=== Section Start ===
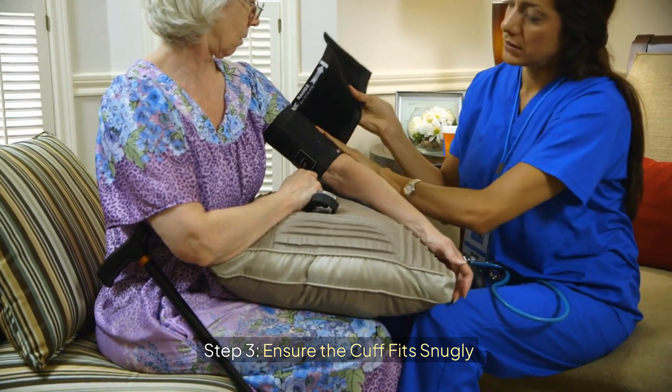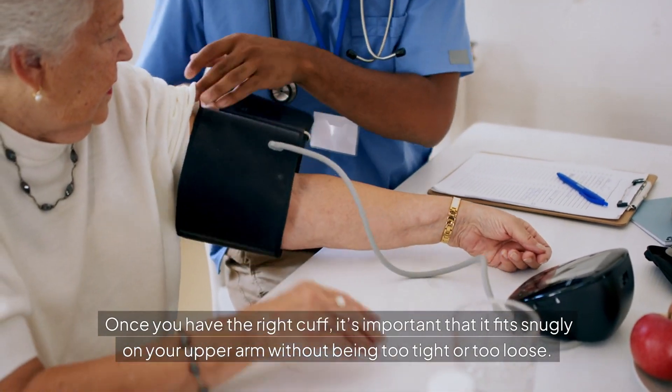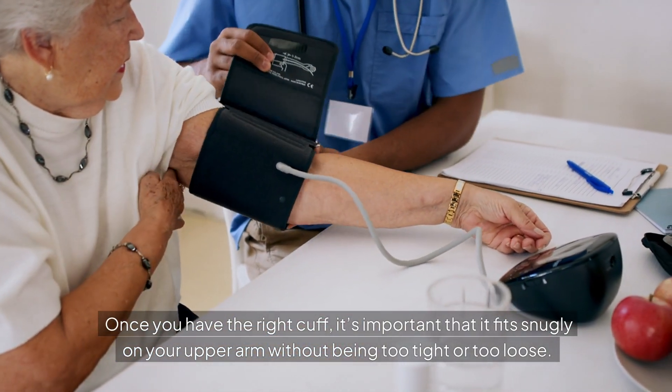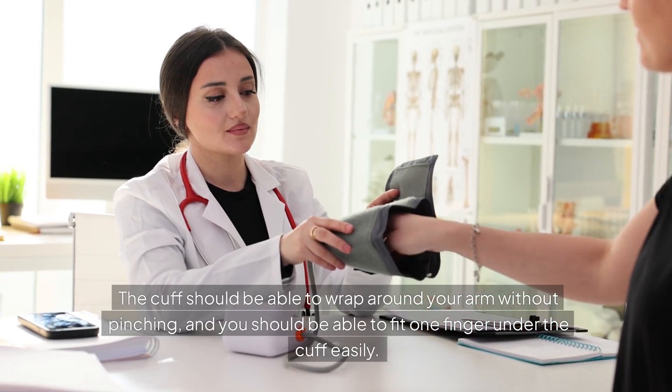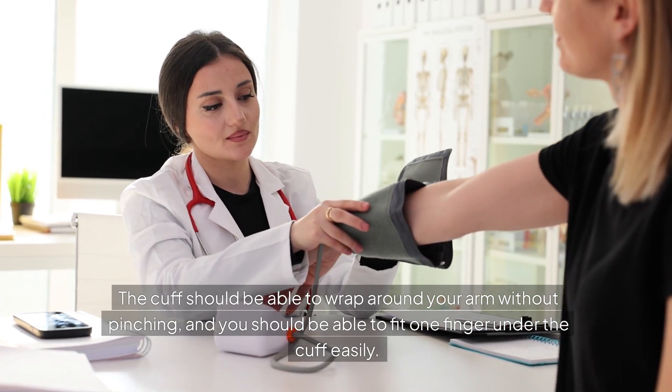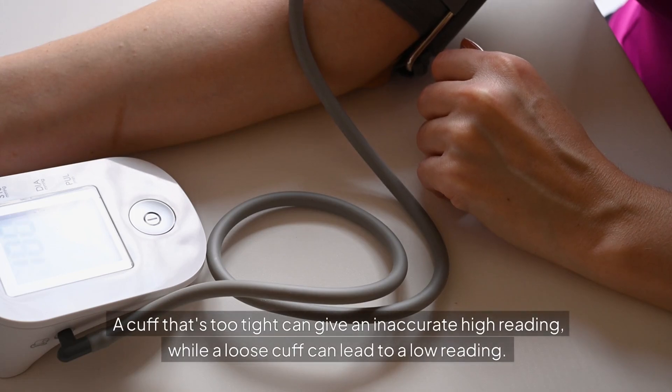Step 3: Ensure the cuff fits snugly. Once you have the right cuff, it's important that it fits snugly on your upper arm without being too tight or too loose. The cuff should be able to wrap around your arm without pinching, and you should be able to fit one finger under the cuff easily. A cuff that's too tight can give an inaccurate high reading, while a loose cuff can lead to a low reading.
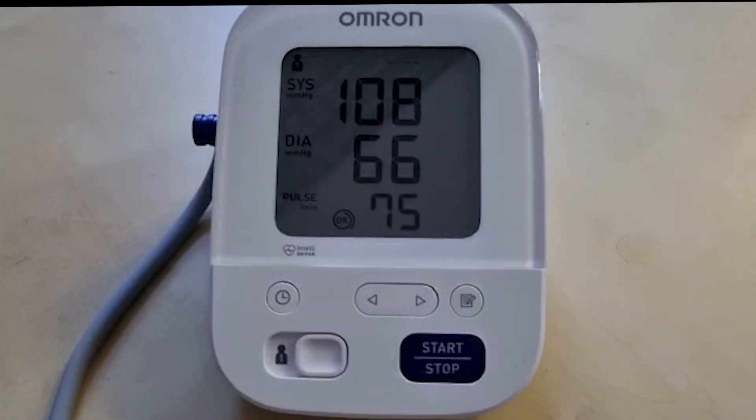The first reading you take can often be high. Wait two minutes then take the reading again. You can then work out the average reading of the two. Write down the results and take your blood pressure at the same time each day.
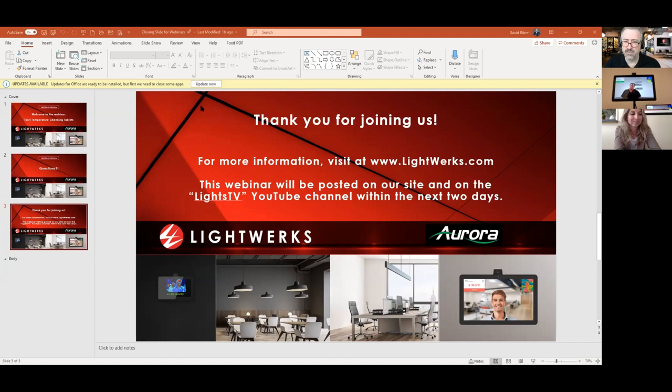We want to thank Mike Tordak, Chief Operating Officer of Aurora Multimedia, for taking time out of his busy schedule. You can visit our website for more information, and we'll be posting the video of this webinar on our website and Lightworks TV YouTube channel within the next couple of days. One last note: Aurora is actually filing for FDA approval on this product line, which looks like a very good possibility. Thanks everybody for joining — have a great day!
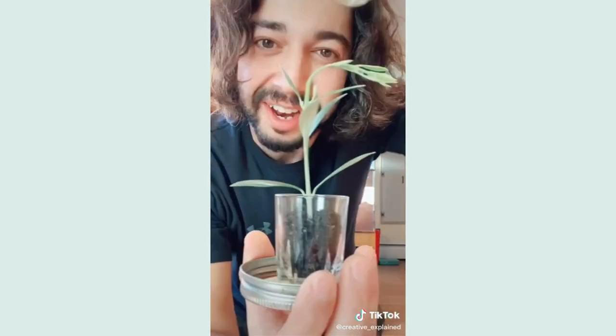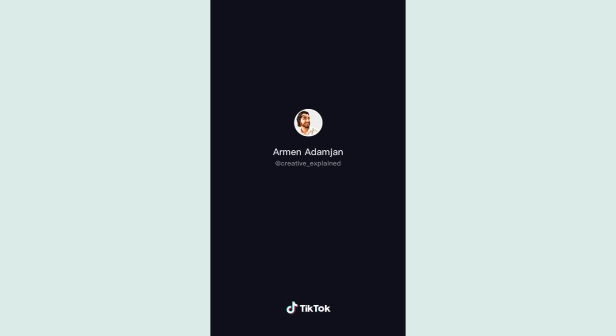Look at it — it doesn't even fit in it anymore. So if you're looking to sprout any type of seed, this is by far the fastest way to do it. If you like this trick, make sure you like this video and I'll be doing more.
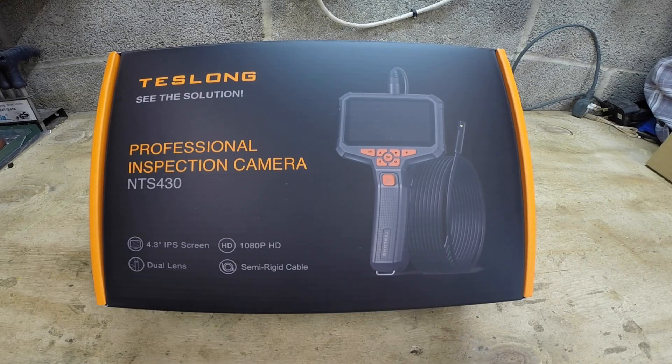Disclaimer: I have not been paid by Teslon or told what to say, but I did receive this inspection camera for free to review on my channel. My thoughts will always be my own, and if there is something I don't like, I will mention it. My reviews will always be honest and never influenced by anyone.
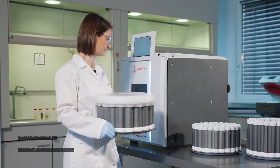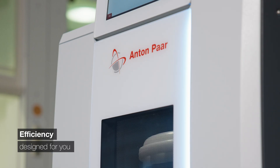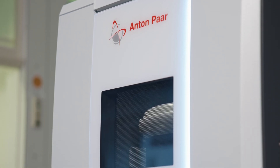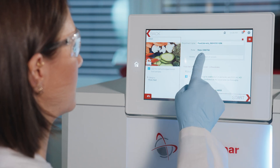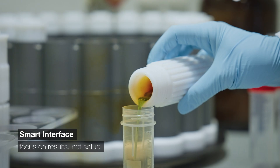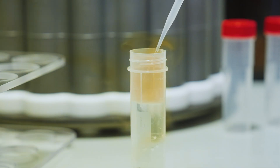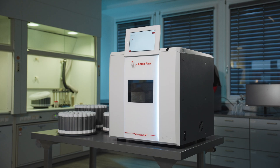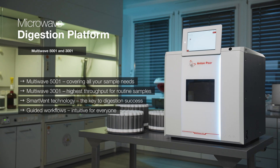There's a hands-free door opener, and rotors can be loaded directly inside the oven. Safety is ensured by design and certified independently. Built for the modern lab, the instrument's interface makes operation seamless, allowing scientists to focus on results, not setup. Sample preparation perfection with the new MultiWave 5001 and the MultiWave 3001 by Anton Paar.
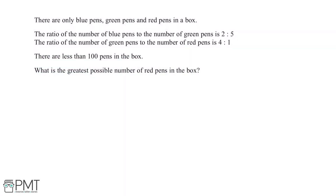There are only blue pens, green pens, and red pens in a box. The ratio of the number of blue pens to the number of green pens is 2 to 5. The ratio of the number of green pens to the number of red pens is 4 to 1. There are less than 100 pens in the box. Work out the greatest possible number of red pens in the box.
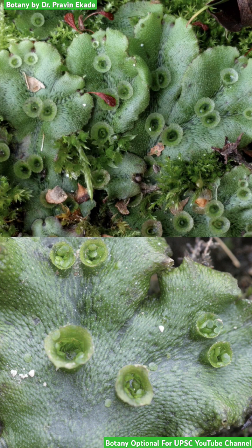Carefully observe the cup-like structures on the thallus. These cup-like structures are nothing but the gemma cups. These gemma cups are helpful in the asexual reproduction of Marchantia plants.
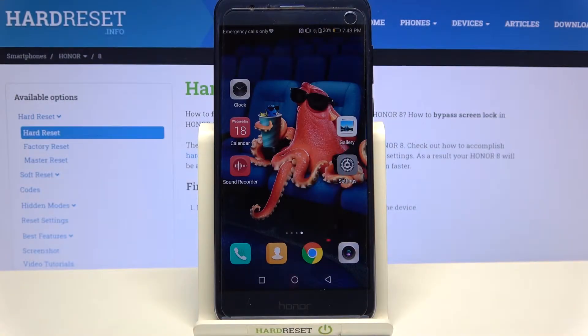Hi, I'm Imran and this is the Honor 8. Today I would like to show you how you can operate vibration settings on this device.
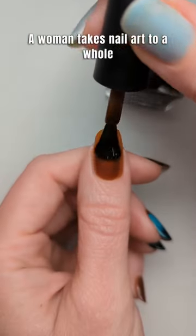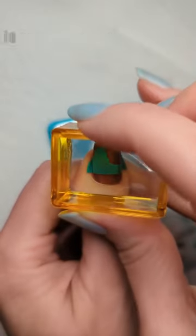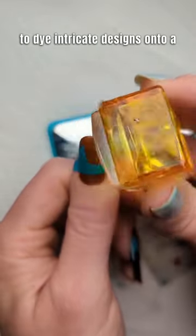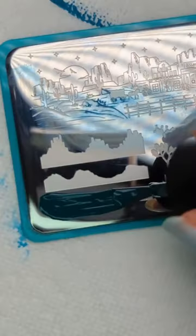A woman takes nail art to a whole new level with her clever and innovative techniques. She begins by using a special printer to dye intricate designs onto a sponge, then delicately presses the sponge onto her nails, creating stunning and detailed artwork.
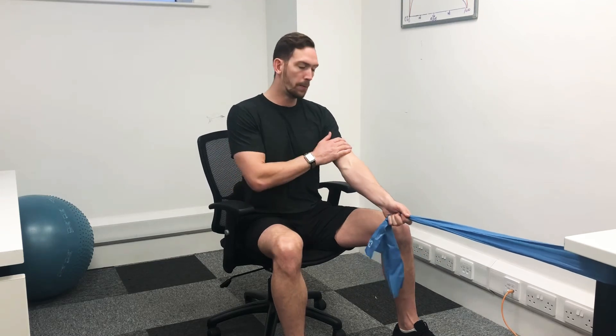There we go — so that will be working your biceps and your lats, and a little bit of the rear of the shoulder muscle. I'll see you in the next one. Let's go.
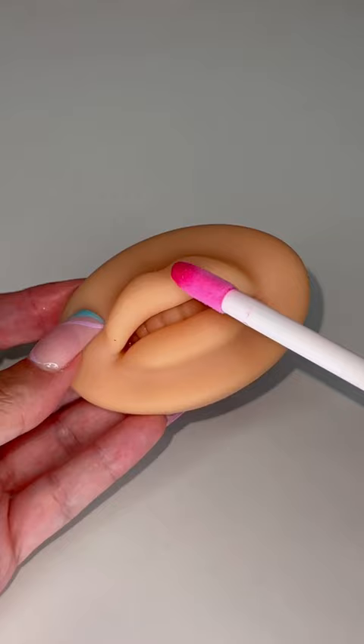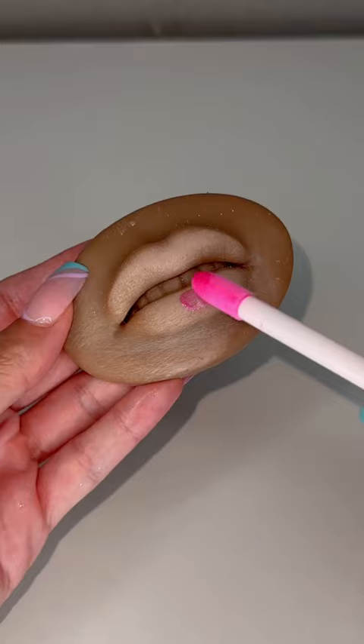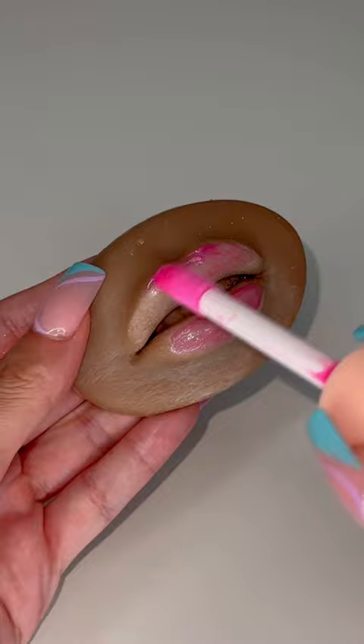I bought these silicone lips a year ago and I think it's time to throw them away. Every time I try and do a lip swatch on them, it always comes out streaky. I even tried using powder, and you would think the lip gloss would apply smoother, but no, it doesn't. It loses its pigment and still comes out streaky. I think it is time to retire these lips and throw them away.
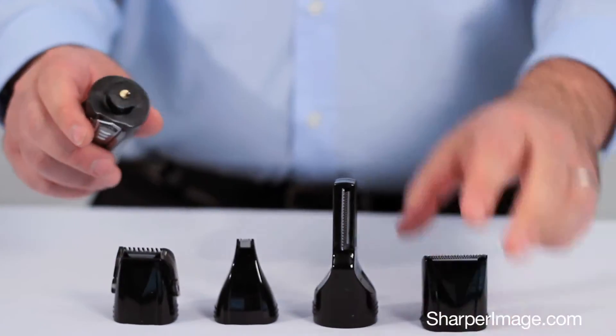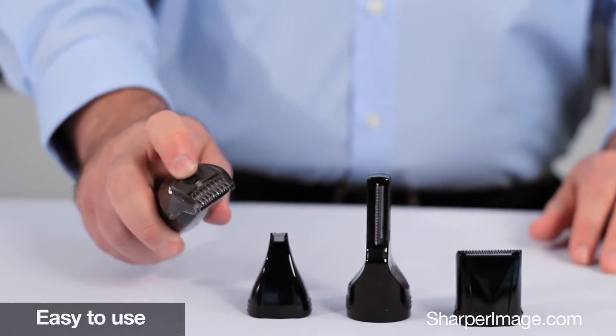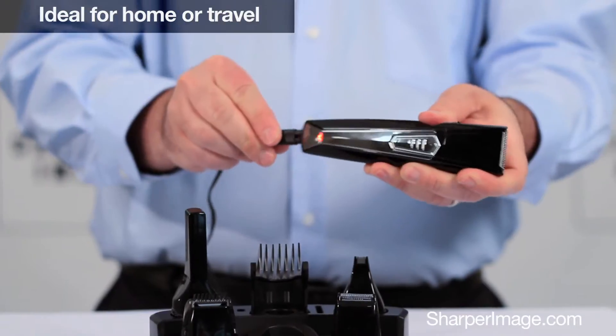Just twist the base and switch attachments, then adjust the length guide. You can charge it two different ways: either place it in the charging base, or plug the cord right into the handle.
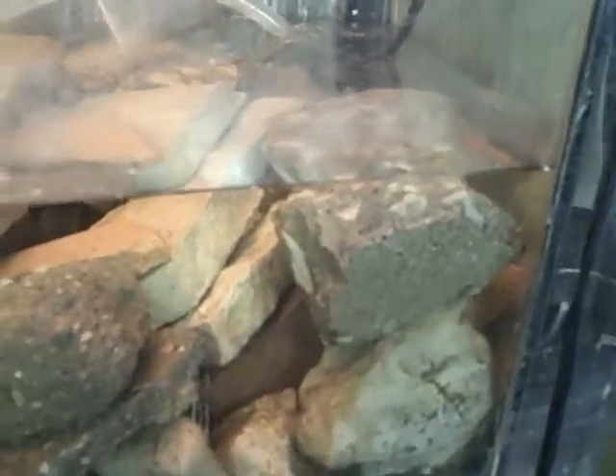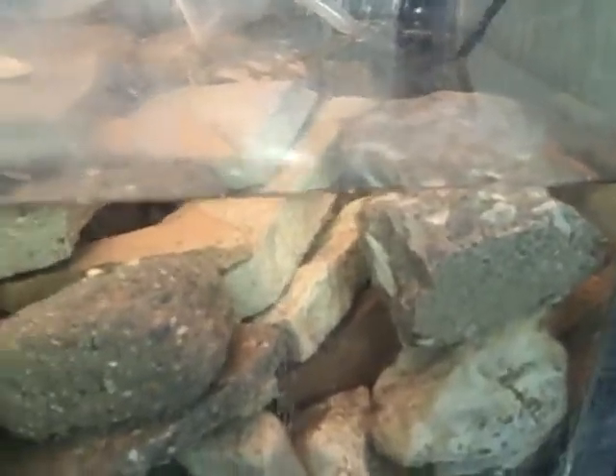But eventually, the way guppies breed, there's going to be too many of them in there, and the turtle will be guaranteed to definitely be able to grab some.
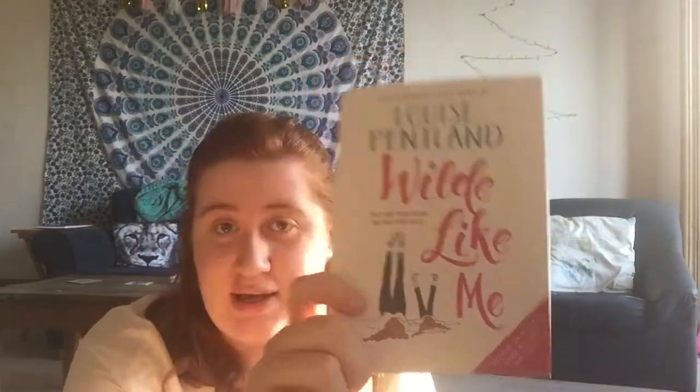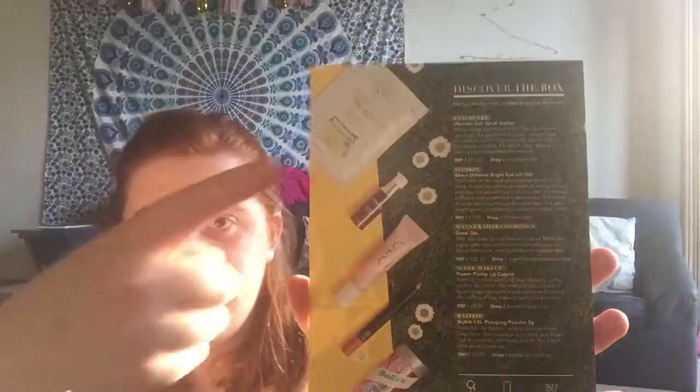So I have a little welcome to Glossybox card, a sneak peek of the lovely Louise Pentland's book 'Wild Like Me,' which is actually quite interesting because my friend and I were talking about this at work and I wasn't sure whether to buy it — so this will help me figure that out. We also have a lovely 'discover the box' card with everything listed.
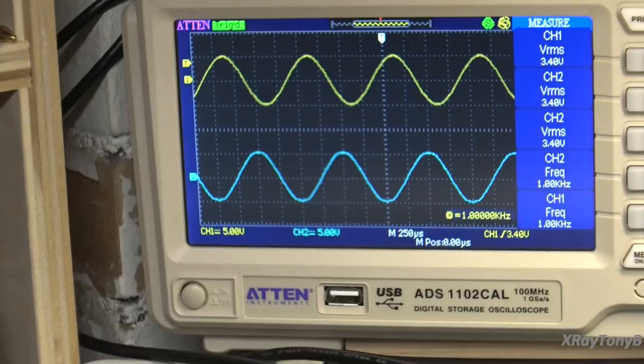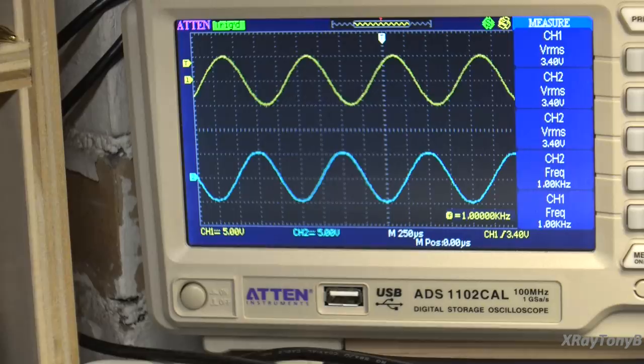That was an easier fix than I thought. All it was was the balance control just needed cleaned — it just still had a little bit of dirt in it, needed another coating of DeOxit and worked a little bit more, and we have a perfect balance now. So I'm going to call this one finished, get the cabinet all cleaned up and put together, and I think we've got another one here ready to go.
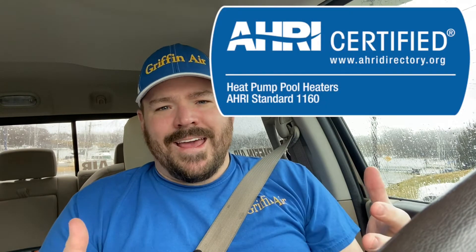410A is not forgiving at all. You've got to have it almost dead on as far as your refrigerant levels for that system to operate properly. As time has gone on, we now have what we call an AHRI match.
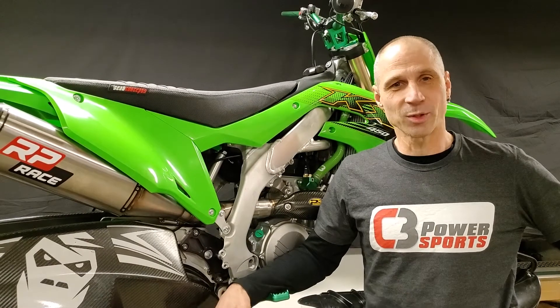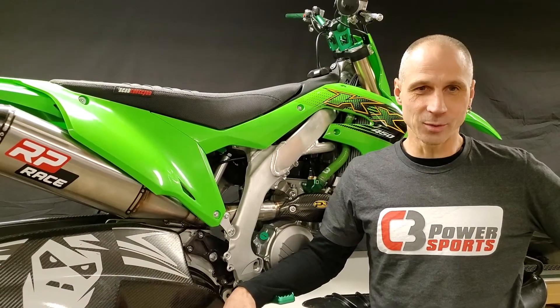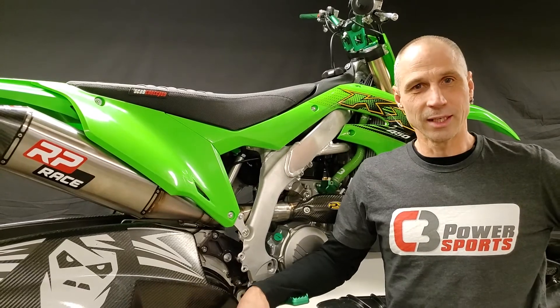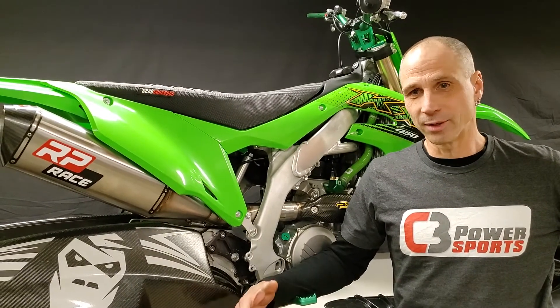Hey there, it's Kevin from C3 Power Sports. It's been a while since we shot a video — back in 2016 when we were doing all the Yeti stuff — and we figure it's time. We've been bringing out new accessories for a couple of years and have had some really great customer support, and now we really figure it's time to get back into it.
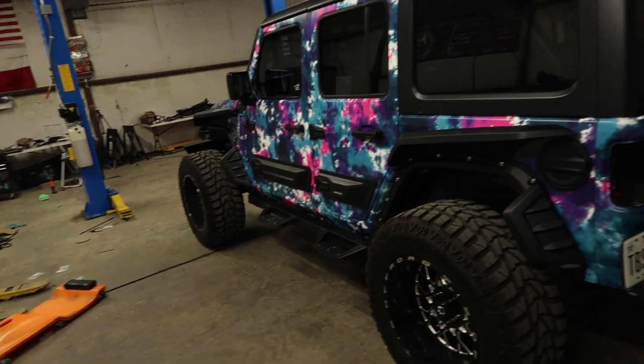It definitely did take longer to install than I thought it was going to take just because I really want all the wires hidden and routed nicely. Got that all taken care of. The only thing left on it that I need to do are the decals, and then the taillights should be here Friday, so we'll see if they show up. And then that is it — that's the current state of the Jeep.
=== Section End ===
• **What is being asked**:
The listing above must be printed again exactly, minus its pictures.

• **Solution for this task**:
Step 3: Ensure the cuff fits snugly. Once you have the right cuff, it's important that it fits snugly on your upper arm without being too tight or too loose. The cuff should be able to wrap around your arm without pinching, and you should be able to fit one finger under the cuff easily. A cuff that's too tight can give an inaccurate high reading, while a loose cuff can lead to a low reading.
The first reading you take can often be high. Wait two minutes then take the reading again. You can then work out the average reading of the two. Write down the results and take your blood pressure at the same time each day.
We want to thank Mike Tordak, Chief Operating Officer of Aurora Multimedia, for taking time out of his busy schedule. You can visit our website for more information, and we'll be posting the video of this webinar on our website and Lightworks TV YouTube channel within the next couple of days. One last note: Aurora is actually filing for FDA approval on this product line, which looks like a very good possibility. Thanks everybody for joining — have a great day!
Look at it — it doesn't even fit in it anymore. So if you're looking to sprout any type of seed, this is by far the fastest way to do it. If you like this trick, make sure you like this video and I'll be doing more.
Disclaimer: I have not been paid by Teslon or told what to say, but I did receive this inspection camera for free to review on my channel. My thoughts will always be my own, and if there is something I don't like, I will mention it. My reviews will always be honest and never influenced by anyone.
There's a hands-free door opener, and rotors can be loaded directly inside the oven. Safety is ensured by design and certified independently. Built for the modern lab, the instrument's interface makes operation seamless, allowing scientists to focus on results, not setup. Sample preparation perfection with the new MultiWave 5001 and the MultiWave 3001 by Anton Paar.
There are only blue pens, green pens, and red pens in a box. The ratio of the number of blue pens to the number of green pens is 2 to 5. The ratio of the number of green pens to the number of red pens is 4 to 1. There are less than 100 pens in the box. Work out the greatest possible number of red pens in the box.
Carefully observe the cup-like structures on the thallus. These cup-like structures are nothing but the gemma cups. These gemma cups are helpful in the asexual reproduction of Marchantia plants.
Hi, I'm Imran and this is the Honor 8. Today I would like to show you how you can operate vibration settings on this device.
A woman takes nail art to a whole new level with her clever and innovative techniques. She begins by using a special printer to dye intricate designs onto a sponge, then delicately presses the sponge onto her nails, creating stunning and detailed artwork.
There we go — so that will be working your biceps and your lats, and a little bit of the rear of the shoulder muscle. I'll see you in the next one. Let's go.
I bought these silicone lips a year ago and I think it's time to throw them away. Every time I try and do a lip swatch on them, it always comes out streaky. I even tried using powder, and you would think the lip gloss would apply smoother, but no, it doesn't. It loses its pigment and still comes out streaky. I think it is time to retire these lips and throw them away.
Just twist the base and switch attachments, then adjust the length guide. You can charge it two different ways: either place it in the charging base, or plug the cord right into the handle.
But eventually, the way guppies breed, there's going to be too many of them in there, and the turtle will be guaranteed to definitely be able to grab some.
So I have a little welcome to Glossybox card, a sneak peek of the lovely Louise Pentland's book 'Wild Like Me,' which is actually quite interesting because my friend and I were talking about this at work and I wasn't sure whether to buy it — so this will help me figure that out. We also have a lovely 'discover the box' card with everything listed.
That was an easier fix than I thought. All it was was the balance control just needed cleaned — it just still had a little bit of dirt in it, needed another coating of DeOxit and worked a little bit more, and we have a perfect balance now. So I'm going to call this one finished, get the cabinet all cleaned up and put together, and I think we've got another one here ready to go.
410A is not forgiving at all. You've got to have it almost dead on as far as your refrigerant levels for that system to operate properly. As time has gone on, we now have what we call an AHRI match.
Hey there, it's Kevin from C3 Power Sports. It's been a while since we shot a video — back in 2016 when we were doing all the Yeti stuff — and we figure it's time. We've been bringing out new accessories for a couple of years and have had some really great customer support, and now we really figure it's time to get back into it.
It definitely did take longer to install than I thought it was going to take just because I really want all the wires hidden and routed nicely. Got that all taken care of. The only thing left on it that I need to do are the decals, and then the taillights should be here Friday, so we'll see if they show up. And then that is it — that's the current state of the Jeep.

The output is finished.